Street racing in Buenos Aires

Formula 1 has always enjoyed visiting Argentina. Even in the darkest days of military government in the 1970s Formula 1 was an annual fixture at the Autodromo Oscar Galvez in the Parque Almirante Brown. The race only died after the Argentine invasion of the Falkland Islands in 1982 and it was not revived until 1995. Until 1999 the race was a popular venue but then the country ran into financial trouble and the race disappeared. The recession was a prelude to the country's economic collapse in 2001 which left Argentina struggling with record debt levels and rapid devaluation of the currency. In 2003 President Nestor Kirchner negotiated a vital deal with the International Monetary Fund and began to promote growth and recently he has restructured the national debt, offering new bonds to replace those on which the country defaulted. The economy is improving and the government is beginning to look at new ways to promote growth. In 2003 Vice-President Daniel Scioli met Bernie Ecclestone to discuss the possibilities of a race in Argentina. Obviously that meeting did not interest the Argentines as in 2004 there was talk of a Champ Car race on the streets of Buenos Aires. That has not happened yet but the track design company D3, run by Australian former racer Ron Dickson, has worked on a project for a 1.5-mile circuit in the downtown area.

Although Buenos Aires used to hold races in Palermo Park in the 1940s these were replaced in 1952 by the purpose-built Autodromo 17 Octobre. This would later become known as the Autodromo Municipal Oscar Galvez and it is still used in various different forms today as the track has a large number of variations of circuit, including the Curvon Salotto track, which is long fast blast around a lake. This section was not included in the F1 track in the 1990s.

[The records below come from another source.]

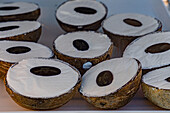 Coconut gelato in a coconut shell for sale in Anacapri on the island of Capri, Italy.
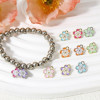 Pendentifs résine émaillées Fleurs de Sakura 10mm Rose sur métal Doré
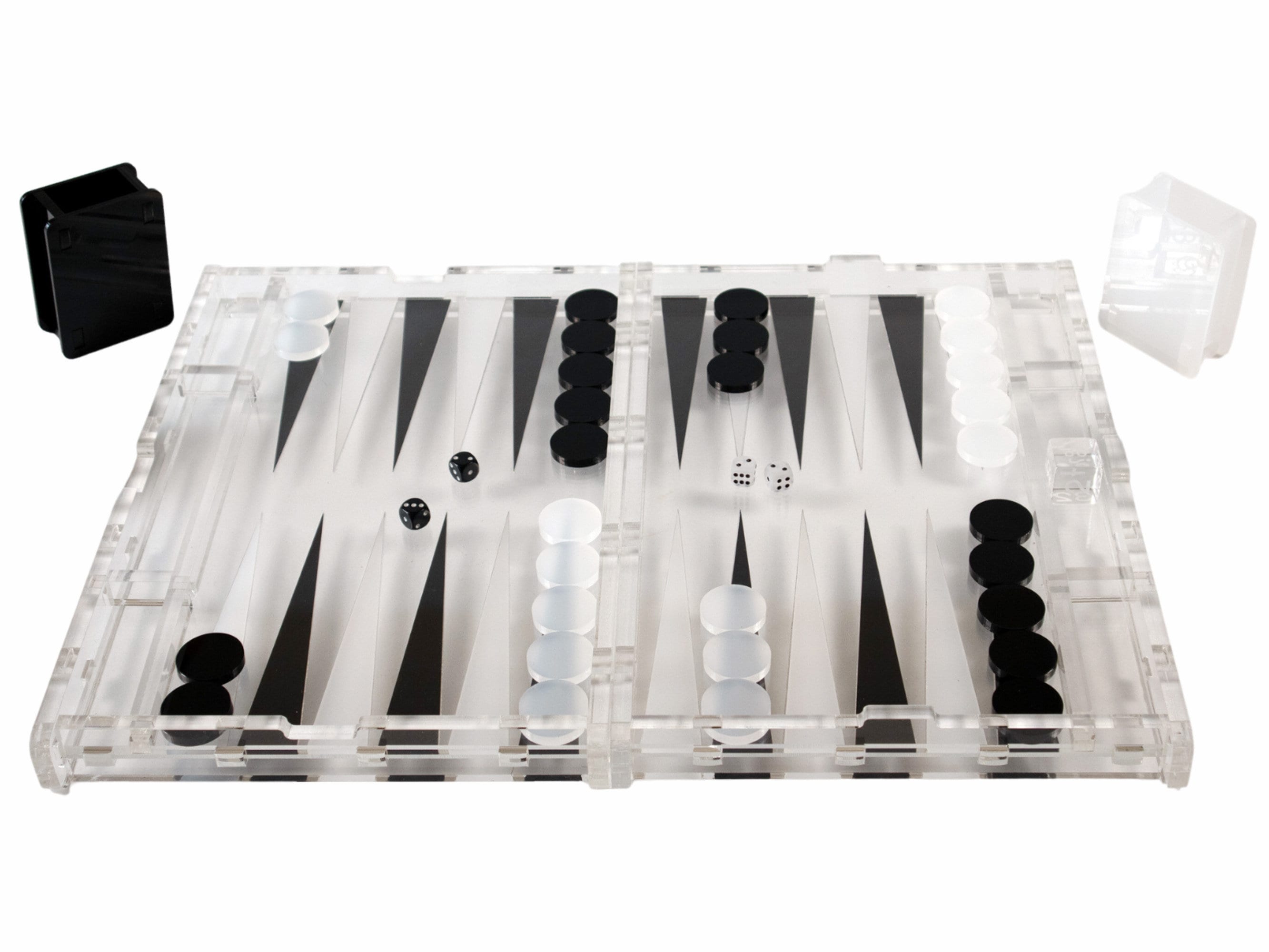 Inlaid Acrylic Backgammon Set – Clear, Black & Smoky - Large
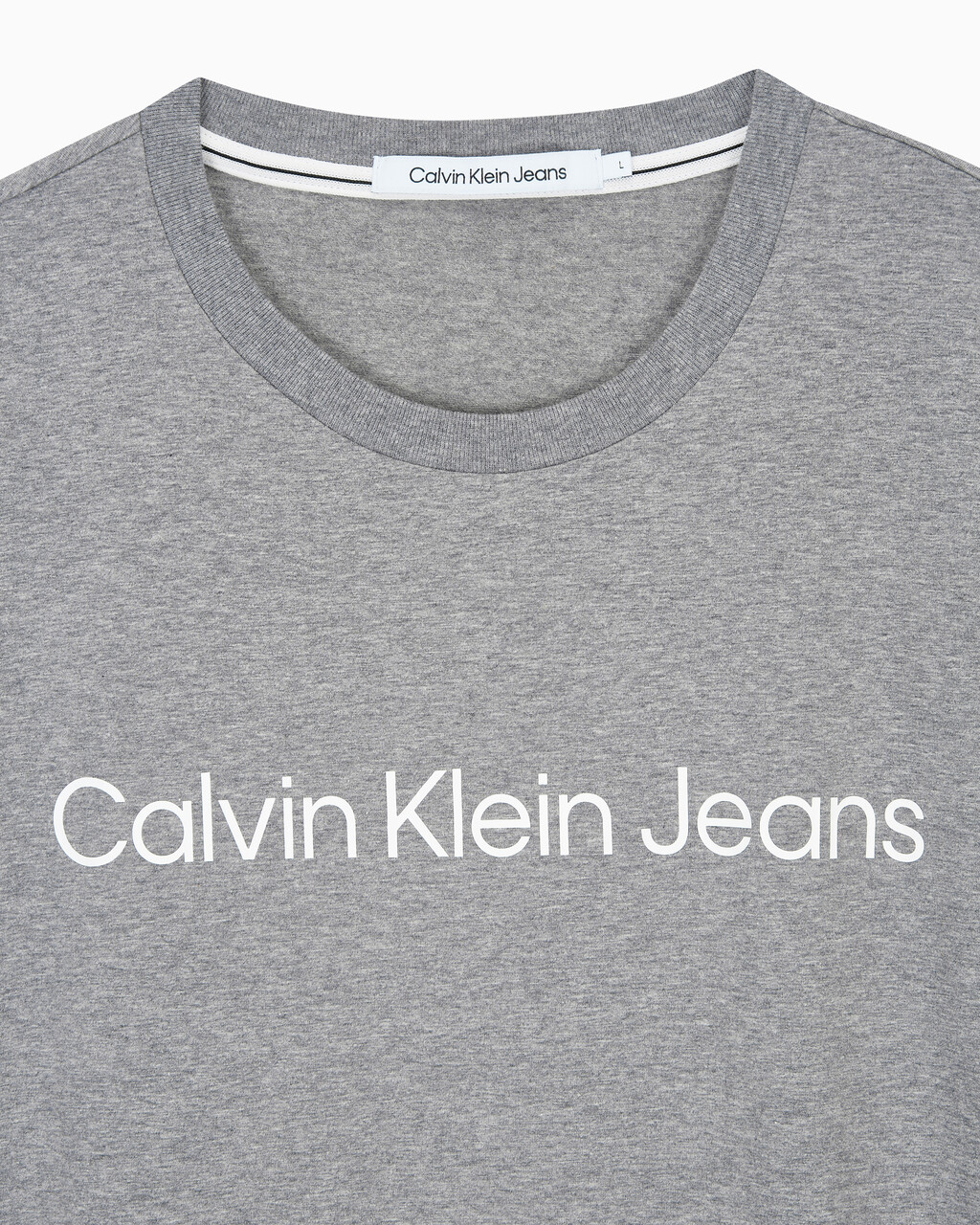 Buy 남성 레귤러핏 인스티튜셔널 로고 스트레치 반팔 티셔츠 in color MID GREY HEATHER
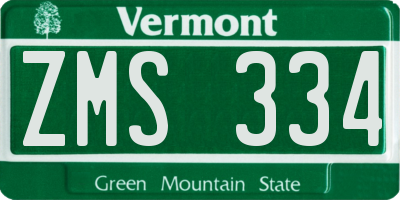 VT license plate ZMS334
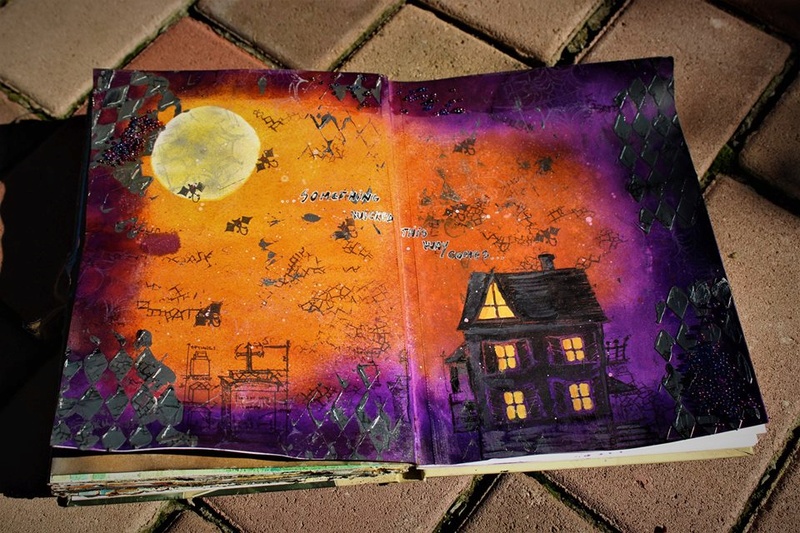 Provocare Art Journaling octombrie: Halloween page - Andreea Z210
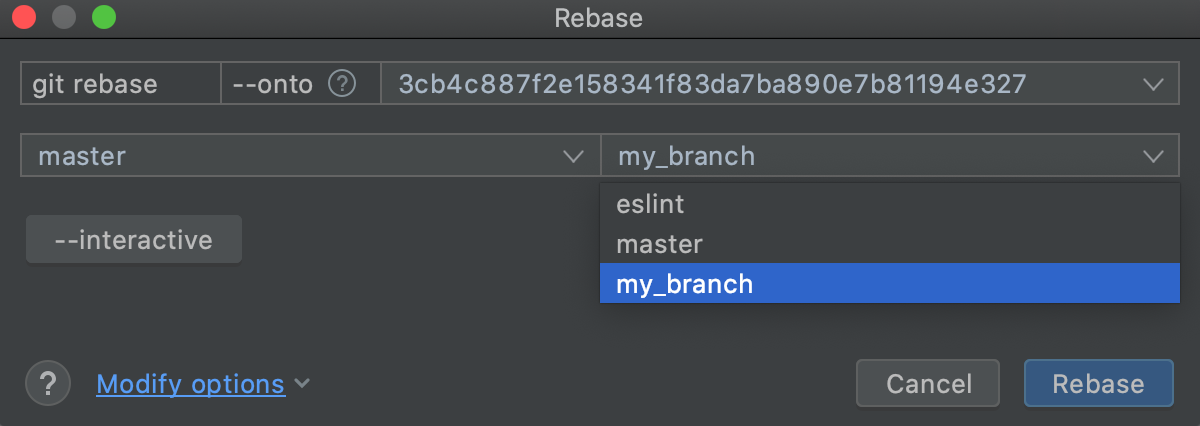 Choose the branch you want to rebase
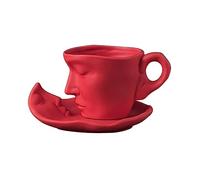 nviusdSJ Tasses à café, Ensemble de tasses et soucoupes à fleurs, styliste, en trois dimensions, faites la main, for le thé l'après-midi(Red)
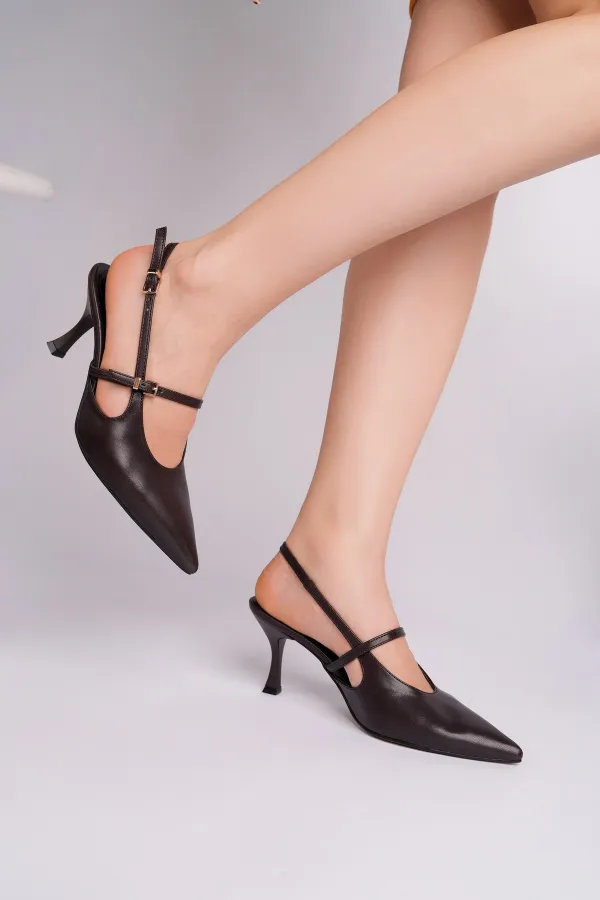 Muggo ANJELA Belt Detail Pointed Toe Open Back Women's High Heel Shoes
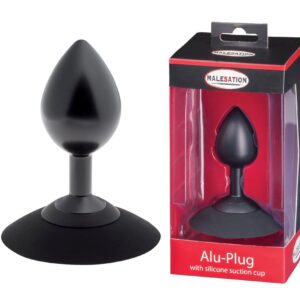 Plug analny MALESATION Alu-Plug with suction cup medium, black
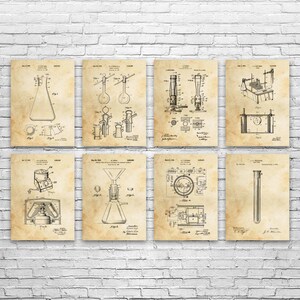 Chemistry Patent Wall Art Set of 8 | Poster, Canvas or Framed | Chemistry Gift, Science Decor, Teacher Gift, Laboratory Art, Professor Gift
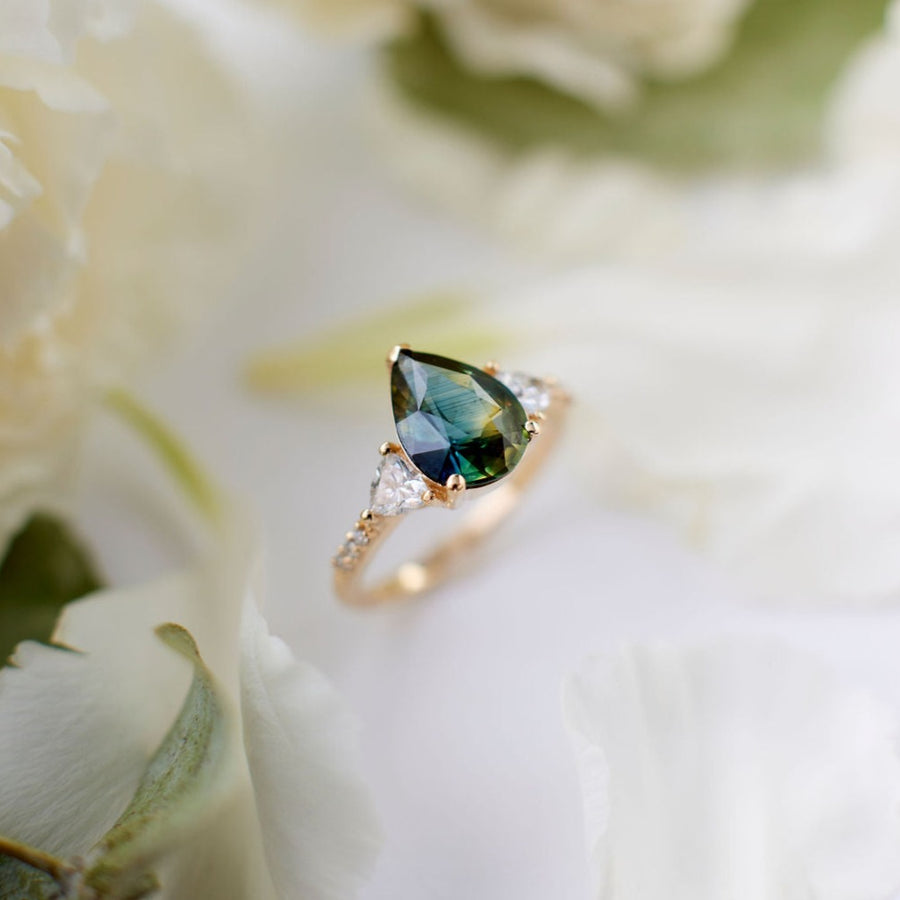 Portia Ring - 2.60 Carat Green Pear Sapphire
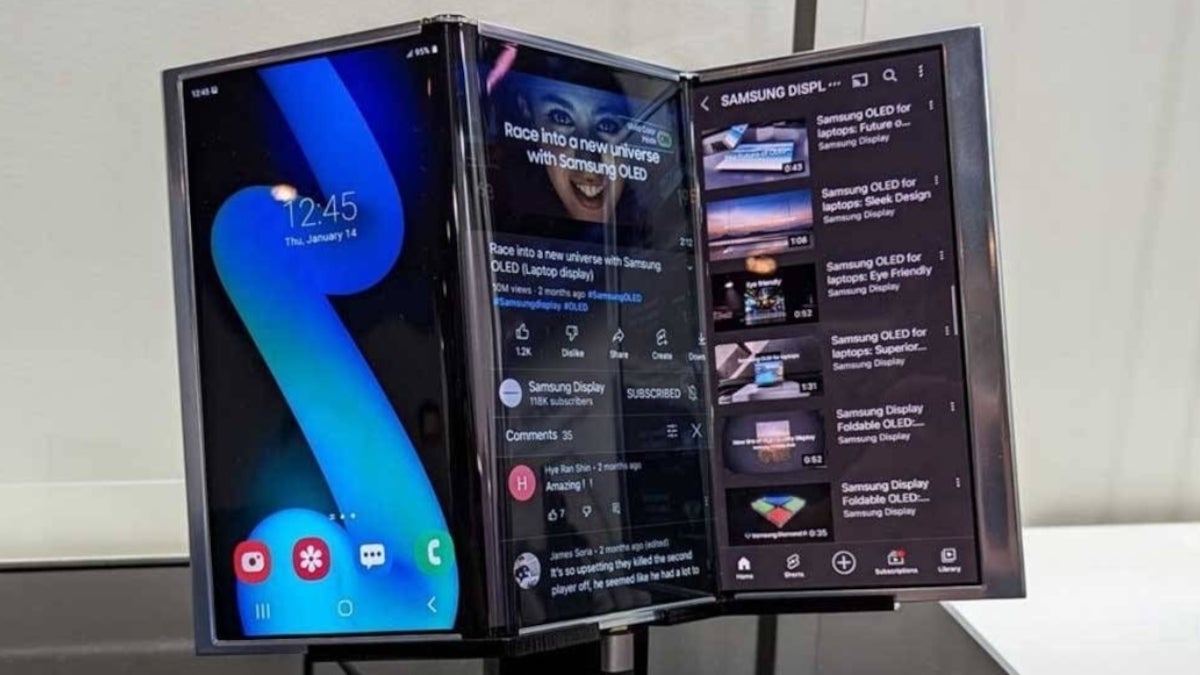 Samsung Galaxy G Fold, điện thoại gập ba, sạc nhanh Samsung, Huawei Mate XT, pin Galaxy G Fold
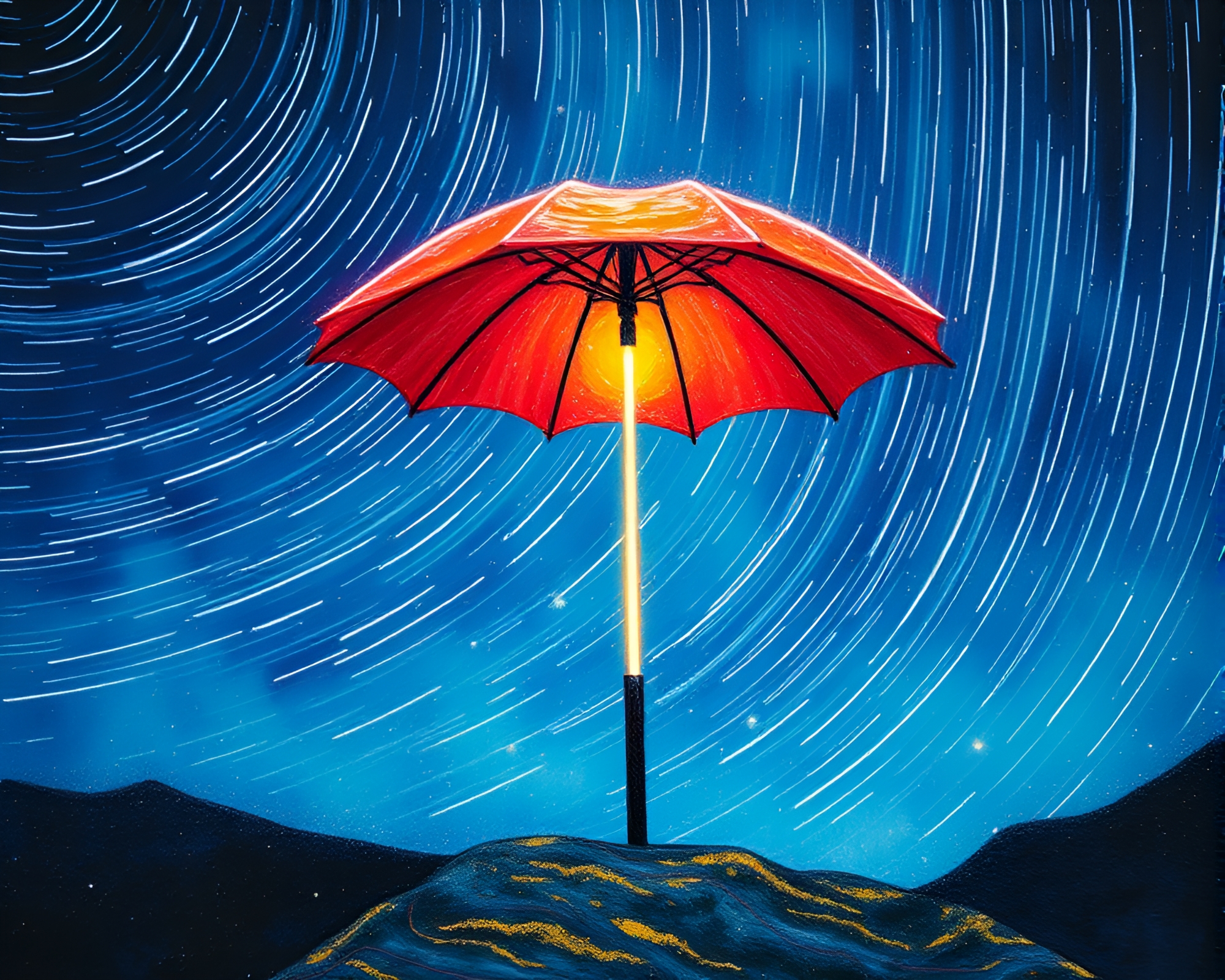 Neon-lit Umbrella Star Trails – free AI stock image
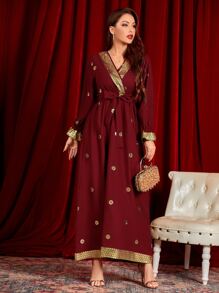 Al Najma 閃光花卉前交叉腰帶超長連衣裙 - 酒紅色 - 查看 5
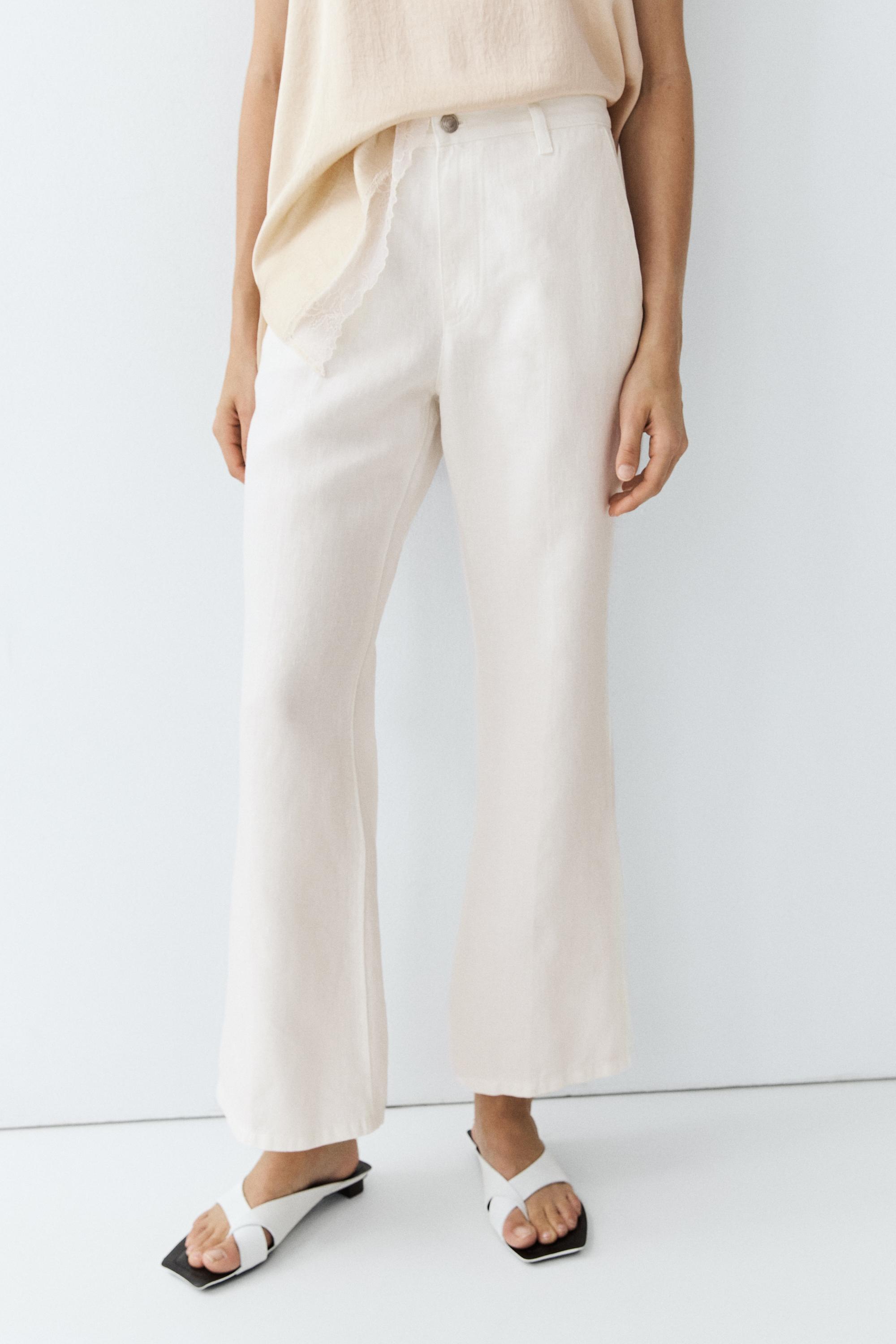 100% linen cropped flare fit pants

Funding a street circuit makes little sense given the resource that already exists as the costs of preparing downtown each year are unlikely to be less than upgrading the facilities at the Autodromo when one takes into account the cost of creating the circuit infrastructure and them putting it in place each year.

Upgrading the autodromo, however, would create the possibility for the Argentines to go off and do a deal with F1 once again.